Exercise objective:
Return the listing below exactly as it stands. Pictures stay out.

Data shown:
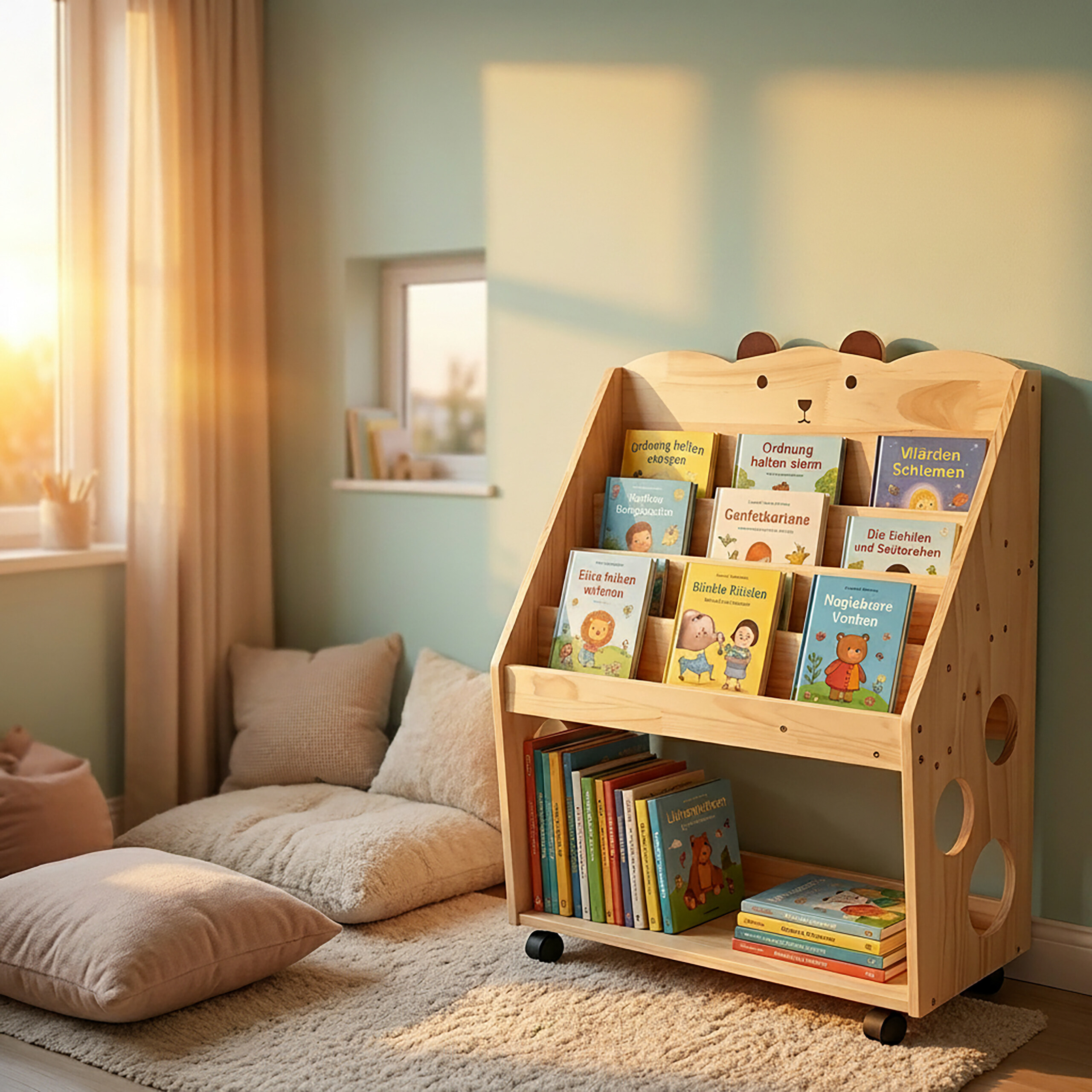 Ein hölzernes Kinderbücherregal voller bunter Bücher steht auf einem Teppich neben gemütlichen Bodenkissen.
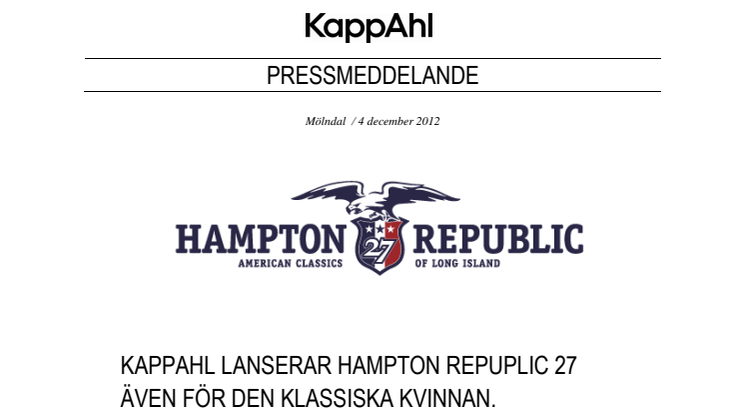 KappAhl lanserar Hampton Republic 27 även för den klassiska kvinnan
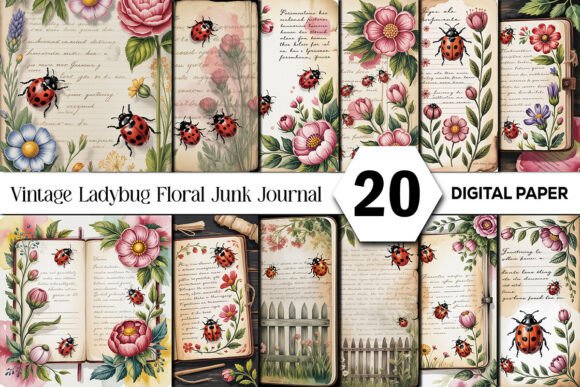 Vintage Ladybug Floral Junk Journal: A Garden of Creative Possibilities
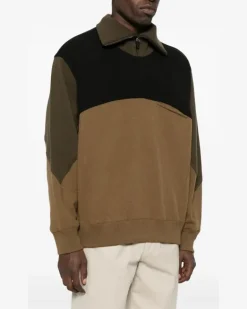 Sweatshirtjacke in Colour-Block-Optik - Braun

Exercise output:
 Ein hölzernes Kinderbücherregal voller bunter Bücher steht auf einem Teppich neben gemütlichen Bodenkissen.
 KappAhl lanserar Hampton Republic 27 även för den klassiska kvinnan
 Vintage Ladybug Floral Junk Journal: A Garden of Creative Possibilities
 Sweatshirtjacke in Colour-Block-Optik - Braun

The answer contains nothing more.